Advocacy

Committee debates workforce tax credit bills

ADVOCACY

Committee debates workforce tax credit bills

The House education budget committee approved a bill to give tax credits to developers who build affordable multi-family rental housing in areas where there is a shortage.

The same committee delayed a vote on a bill to give tax credits to employers who offer onsite child care or help pay for employees’ off-site care.

Both bills are efforts to remove barriers to the workforce and raise the state’s 57.4% labor participation rate. And both are part of Gov. Kay Ivey and legislative leadership’s seven-bill economic development package unveiled last month.

“This bill will expand the access to child care and our opportunities to bring people back into the workforce,” said sponsor and House Minority Leader Anthony Daniels, D-Huntsville. 

In the first year, the credit would be capped at $15 million. It would gradually increase to $35 million. Each year, 25% of the credits are to be spent in rural areas or by small businesses.

As originally filed, House Bill 358 would allow employers to receive up to $1 million in credits on tax liabilities, including income tax. Their eligible expenses would include the construction and operation of on-site child care or payments to off-site centers for the care of employees’ children. 

A substitute bill is expected but wasn’t filed as of Wednesday. As currently written, there is no minimum or cap on how much an employer could spend per employee’s child care. 

Besides the employer tax credit, the bill also creates a child care provider tax credit to encourage facilities to improve and expand and a nonprofit child care provider tax credit. Both are capped at $5 million per year.

Daniels said the goal of the bill is to address the “quality, access and affordability” of child care 

When fully implemented, the bill would have a fiscal impact of $45 million on the state’s tax revenue that supports education, according to a fiscal note. But Daniels said that number doesn’t account for the income taxes paid by family members returning to work because they could afford child care.

But the number does concern education advocates, several of whom spoke against the bill in a public hearing Wednesday morning. 

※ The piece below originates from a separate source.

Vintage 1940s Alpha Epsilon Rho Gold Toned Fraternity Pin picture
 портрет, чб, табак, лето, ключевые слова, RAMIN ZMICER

Ryan Hollingsworth, executive director of School Superintendents of Alabama, noted the recent decline in revenues to the ETF. So did Whitney Miller-Nichols of the Council for Leaders in Alabama Schools, who said the group is concerned about the number of education revenue-cutting proposals currently pending in the Legislature. She said education in Alabama is “experiencing a death from 1,000 tax cuts.”

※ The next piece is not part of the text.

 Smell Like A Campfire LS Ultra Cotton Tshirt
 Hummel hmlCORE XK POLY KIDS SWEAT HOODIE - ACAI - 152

“While we understand the need to increase workforce participation, we disagree that that support should come at the expense of Alabama’s public school children,” Miller-Nichols said.

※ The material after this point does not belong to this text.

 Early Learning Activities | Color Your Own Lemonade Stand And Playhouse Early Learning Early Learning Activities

The state has had record revenues in both its budgets in recent years, but seven months into this fiscal year, the ETF is down 3.6% or $182.7 million. Sales tax revenue is down $24 million; income tax revenue is down $173.6 million. And when revenues do increase, another percentage point will come off the state’s sales tax on groceries, costing the ETF. 

Representatives from some of the state’s large employers did speak in favor of the bill Wednesday.

Bettsie Norton, chief of staff at Airbus U.S. Manufacturing Facility in Mobile, told the committee about her struggles to find quality, affordable care for her children.

“I ask you to support this legislation because it will go far in encouraging Alabama businesses like Airbus to partner with child care providers and nonprofit organizations to increase the supply, the availability, the affordability and the quality of child care for their employees,” Norton said.

Child care in Alabama costs an average of $120 to $200 per child per week

The trade association Manufacture Alabama is advocating for the bill.

“Manufacture Alabama and our extensive group of partners continue to support the Child Care Tax Credit legislation because we know just how important this bill is for the employees of our industry, small businesses, and the vital network of child care providers across the state,” executive director Jon Barganier told Alabama Daily News.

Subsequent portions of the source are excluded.